Scheibel v. Lipton, No. 32531

CourtUnited States State Supreme Court of Ohio
Writing for the CourtMIDDLETON; WEYGANDT, C. J., and ZIMMERMAN; WEYGANDT; ZIMMERMAN
Parties, 46 O.O. 177 SCHEIBEL v. LIPTON et al.
Decision Date05 December 1951
Docket NumberNo. 32531

Page 308

156 Ohio St. 308
102 N.E.2d 453, 46 O.O. 177
SCHEIBEL

v.
LIPTON et al.
No. 32531.
Supreme Court of Ohio.
Dec. 5, 1951.
[102 N.E.2d 454]
Syllabus by the Court.

1. In tort law an 'invitee' means a business visitor, that is, one rightfully on the premises of another for purposes in which the possessor of the premises has a beneficial interest. A social guest is not a business visitor and is not an 'invitee' as that term is used in tort law.

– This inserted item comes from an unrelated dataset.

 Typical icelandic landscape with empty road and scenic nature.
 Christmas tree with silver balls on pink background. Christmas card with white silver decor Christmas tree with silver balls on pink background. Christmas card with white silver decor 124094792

2. A host is not an insurer of the safety of a guest while upon the premises of the host and there is no implied warranty on the part of a host that the premises to which a guest is invited by him are in safe condition.

3. A host who invites a social guest to his premises owes the guest the duty (1) to exercise ordinary care not to cause injury to his guest by any act of the host or by any activities carried on by the host while the guest is on the premises, and (2) to warn the guest of any condition of the premises which is known to the host and which one of ordinary prudence and foresight in the position of the host should reasonably consider dangerous, if the host has reason to believe that the guest does not know and will not discover such dangerous condition.

This is an action to recover damages for personal injuries allegedly suffered by the plaintiff on August 29, 1947, when he stepped into a depression in the lawn in front of the residence of the defendants.

The cause originated in the Common Pleas Court of Mahoning County where the jury awarded damages in the amount of $500 and judgment was rendered for that sum. Upon appeal to the Court of Appeals, the judgment was affirmed. The allowance of defendants'

Page 309

motion to certify the record brings the cause to this court.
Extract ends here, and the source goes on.